Le ” sultan de la monnaie “, Vahid Mazloumin (à droite), et Esmaïl Qasemi (à gauche) quelques minutes avant leur pendaison.

Alors que les ventes publiques des devises ont été bloquées depuis le 4 novembre, date d’entrée en vigueur de la deuxième série des sanctions américaines visant les exportations pétrolières de la République islamique, la justice du régime iranien a exécuté mercredi deux hommes accusés de crime économique, ont indiqué les médias iraniens.

L’un des deux hommes exécutés était Vahid Mazloumin, surnommé le ” sultan de la monnaie ” par les médias, un commerçant d’or accusé de manipulation du marché des devises, selon Mizan, le site Web des nouvelles de la justice iranienne. Son homme de main, Esmaïl Qasemi, a été exécuté avec lui.

Mazloumin aurait été pris avec deux tonnes de pièces d’or, selon l’agence de presse estudiantin, Isna.
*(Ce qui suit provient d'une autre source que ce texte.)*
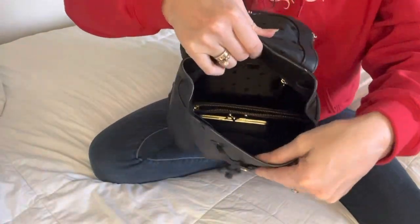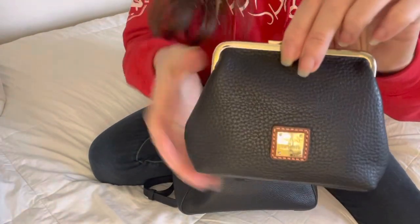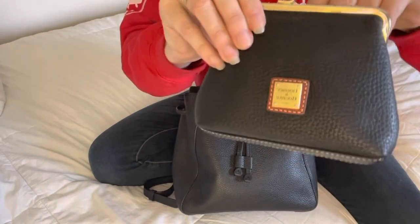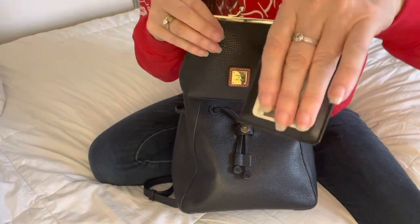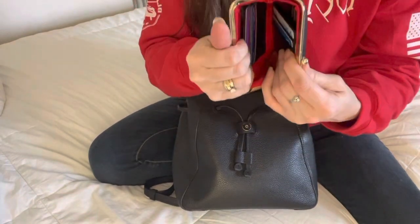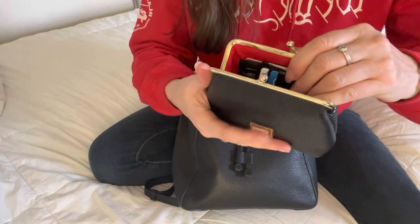And then next we have this Dooney and Burke little coin thing, and then I have my insurance card with my driver's license on the other side, and I just have my most used debit cards in here.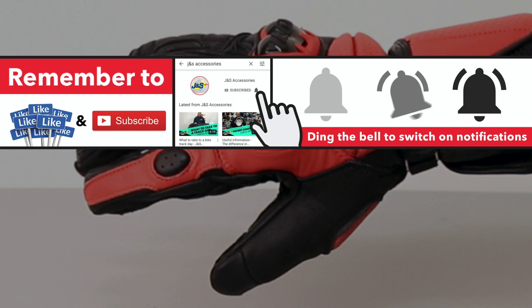If you like these gloves, please leave a like below. If you want to know any more, just leave a comment or get in touch with us in store or online at J&S. Thanks for watching, and if you'd like to see more from J&S, just subscribe. Thank you very much.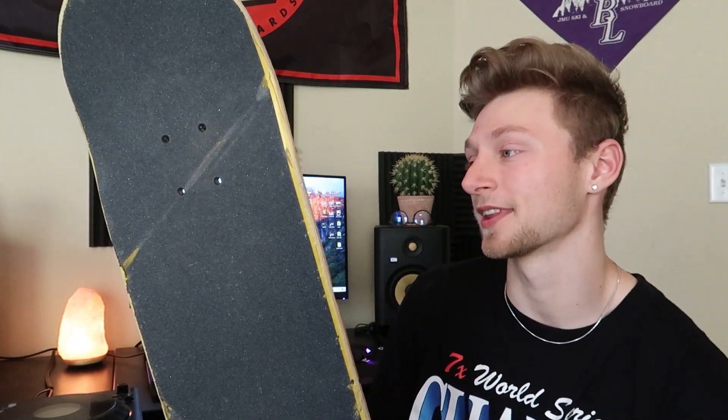I actually ended up liking the twin-tail much more than I thought I was going to. The wood was pretty good — it was a good board. I would say the only things that I didn't like about this board are due to the fact that it was a twin-tail. So I would actually be discussing the pros of it first and then I'll go into the cons. So one of the pros obviously of a twin-tail is the symmetry.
Cependant aucun texte de loi n’impose de limite à la possession de pièces d’or en Iran.

Tous deux ont été reconnus coupables de ” propagation de la corruption sur la terre “, un crime capital puni par la loi islamique iranienne.

Des tribunaux d’exception spécialisés dans les crimes financiers ont été mis en place en août avec l’approbation du Guide suprême, Ali Khamenei, la plus haute autorité de la République islamique.

Mazloumin était un célèbre commerçant du marché de l’or et des devises de Téhéran qui avait déjà été incarcéré à deux reprises pour avoir spéculé le marché de l’or et des devises. La deuxième fois, en 2012, il avait également été accusé de ” propagation de la corruption sur la terre “, avant que la Banque centrale intervienne pour reconnaître qu’il travaillait en sous-traitance pour son compte, ce qui avait valu son acquittement.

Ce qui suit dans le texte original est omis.